Linear Regression with Python and Spark
We will examine a dataset with Ecommerce Customer Data for a company’s website. Then we will build a regression model that will predict the customer’s yearly spend on the company’s product.
Table of contents
The installation of Python and Pyspark and the introduction of theory the linear regression is given here.
Linear Regression with Python
import matplotlib.pyplot as plt
import pandas as pd
import pylab as pl
import numpy as np
%matplotlib inline
from sklearn import linear_model
regr = linear_model.LinearRegression()
Understanding the Data
df = pd.read_csv("Ecommerce_Customers.csv")
# take a look at the dataset
df.head(3)
Address | Avatar | Avg Session Length | Time on App | Time on Website | Length of Membership | Yearly Amount Spent | ||
---|---|---|---|---|---|---|---|---|
0 | [email protected] | 835 Frank TunnelWrightmouth, MI 82180-9605 | Violet | 34.497268 | 12.655651 | 39.577668 | 4.082621 | 587.951054 |
1 | [email protected] | 4547 Archer CommonDiazchester, CA 06566-8576 | DarkGreen | 31.926272 | 11.109461 | 37.268959 | 2.664034 | 392.204933 |
2 | [email protected] | 24645 Valerie Unions Suite 582Cobbborough, DC ... | Bisque | 33.000915 | 11.330278 | 37.110597 | 4.104543 | 487.547505 |
Lets select some features that we want to use for regression.
cdf = df[["Avg Session Length", "Time on App",
"Time on Website",'Length of Membership',"Yearly Amount Spent"]]
cdf.head(3)
Avg Session Length | Time on App | Time on Website | Length of Membership | Yearly Amount Spent | |
---|---|---|---|---|---|
0 | 34.497268 | 12.655651 | 39.577668 | 4.082621 | 587.951054 |
1 | 31.926272 | 11.109461 | 37.268959 | 2.664034 | 392.204933 |
2 | 33.000915 | 11.330278 | 37.110597 | 4.104543 | 487.547505 |
Lets plot Yearly Amount Spent values with respect to Length of Membership:
plt.scatter(cdf[["Length of Membership"]], cdf[["Yearly Amount Spent"]], color='blue')
plt.xlabel("Length of Membership")
plt.ylabel("Yearly Amount Spent")
plt.show()
In reality, there are multiple variables that predict the Yearly Amount Spent.
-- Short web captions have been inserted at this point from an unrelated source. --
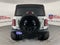 2023 Ford Bronco Badlands SASQUATCH***GOLD CERTIFIED***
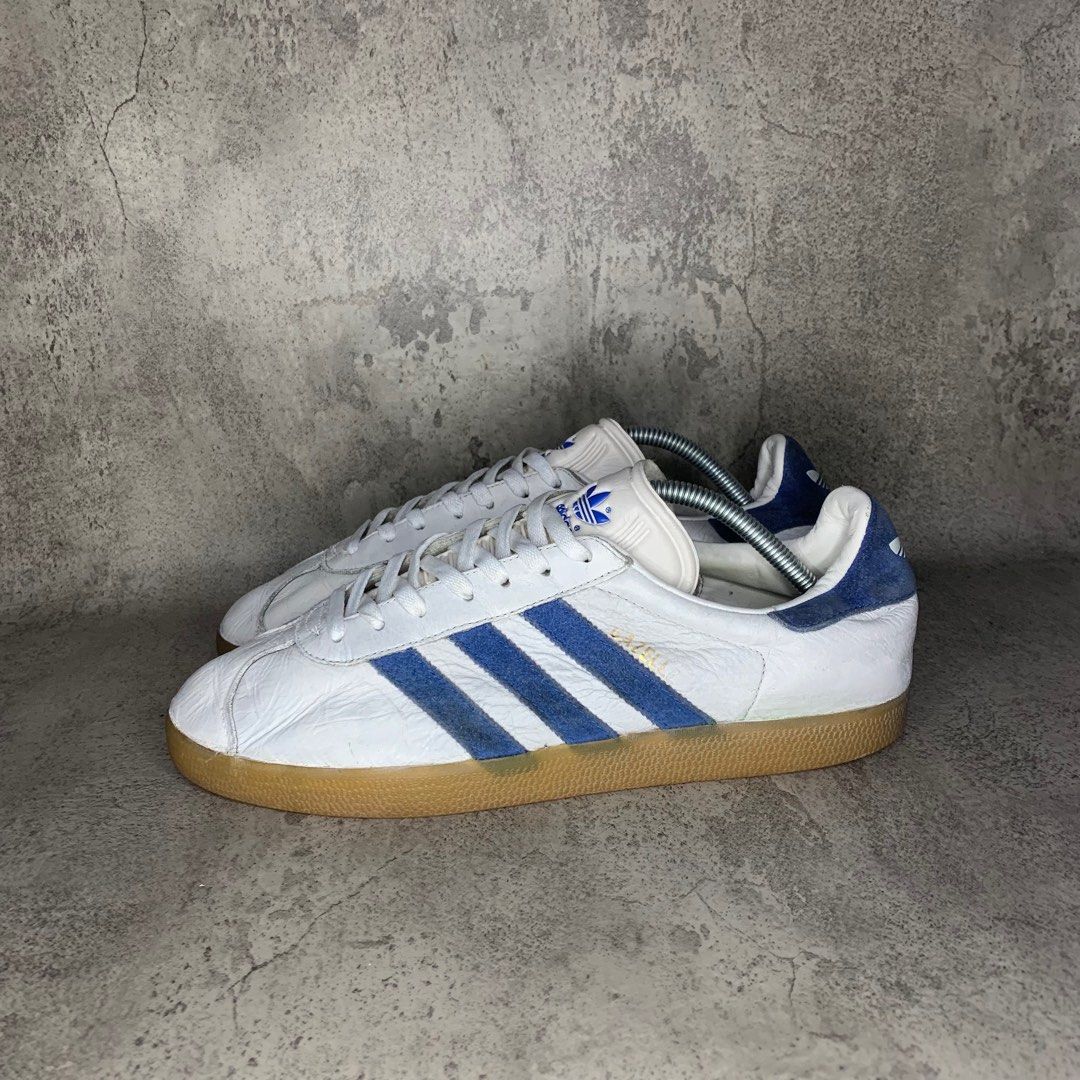 Adidas gazelle cw noel best sale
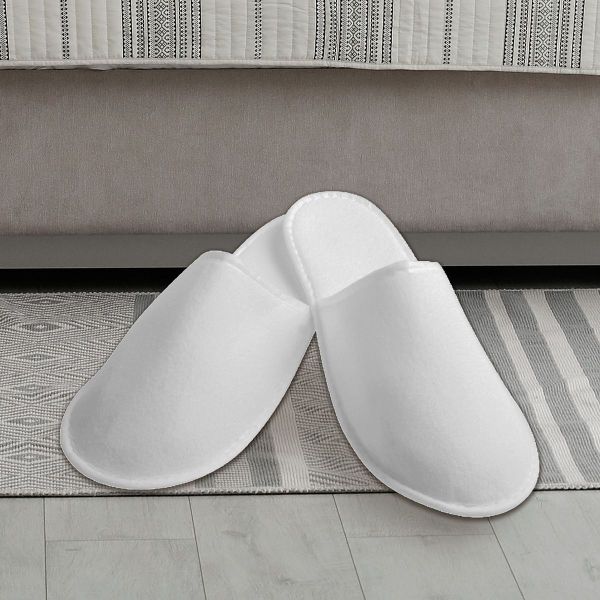 Одноразовые тапочки для гостиниц в Краснодарском крае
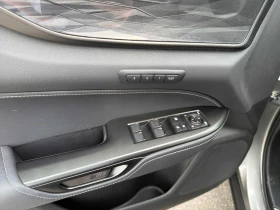 Lexus NX 350h * CARFAX * ОПЦИЯ ЗА ФИНАНСИРАНЕ, снимка 12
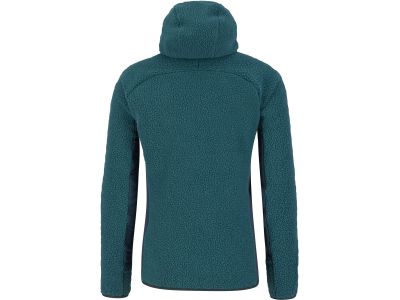 Karpos 80&#39;S sweatshirt, balsam/forest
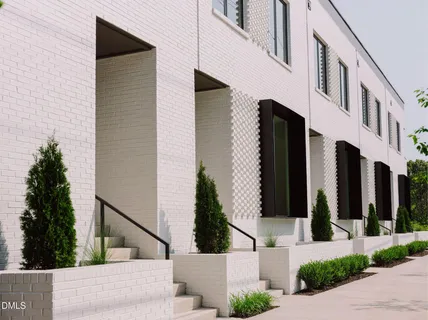 $1,225,000 | 1302 Chamblee Hill, Raleigh, NC 27608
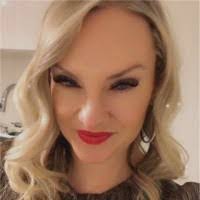 Cheryl Piper's Instagram, Twitter & Facebook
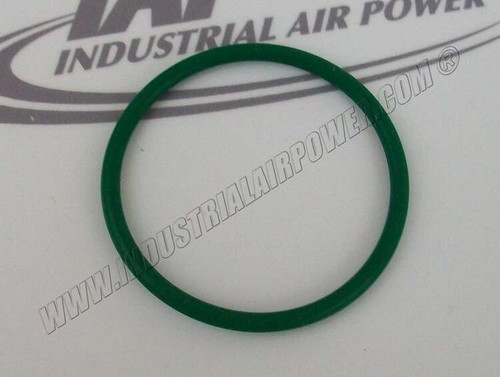 0663-2108-16 O-Ring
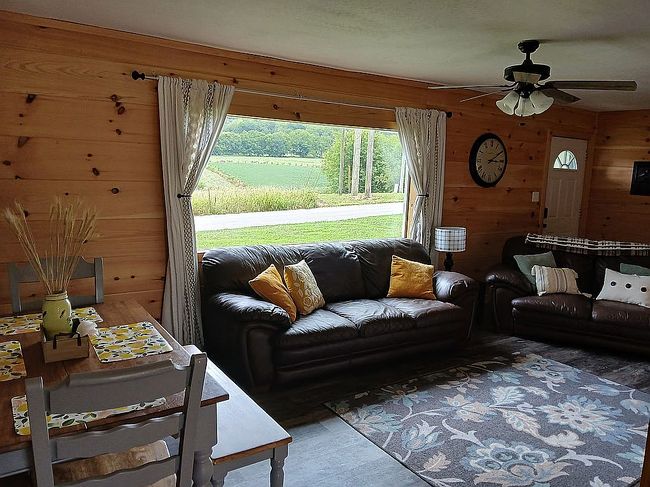 Photo of 314 Green St, Horse Cave, KY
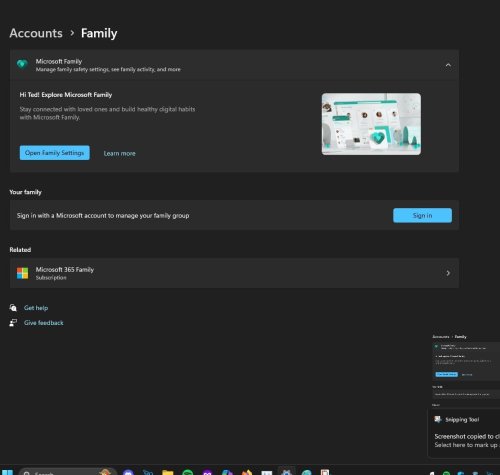 Screenshot 2024-09-19 090645.jpg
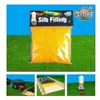 Van Manen Dekorations-Mais 500 g Beutel Produktbild-Vorschau 7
When more than one independent variable is present, the process is called multiple linear regression. For example, predicting Yearly Amount Spent using Avg Session Length, Time on App, Time on Website and Length of Membership. The good thing here is that Multiple linear regression is the extension of simple linear regression model.
Creating train and test dataset
Train/Test Split involves splitting the dataset into training and testing sets respectively, which are mutually exclusive. After which, you train with the training set and test with the testing set.
msk = np.random.rand(len(df)) < 0.8
train = cdf[msk]
test = cdf[~msk]
#### Train data distribution
plt.scatter(train[["Length of Membership"]], train[["Yearly Amount Spent"]], color='blue')
plt.xlabel("Length of Membership")
plt.ylabel("Yearly Amount Spent")
plt.show()
inputCols=["Avg Session Length", "Time on App",
"Time on Website",'Length of Membership']
x = np.asanyarray(train[inputCols])y = np.asanyarray(train[['Yearly Amount Spent']])
regr.fit (x, y)
# The coefficients
print ('Coefficients: ', regr.coef_)
Coefficients: [[25.2930502 39.10921682 0.26557361 61.71566227]]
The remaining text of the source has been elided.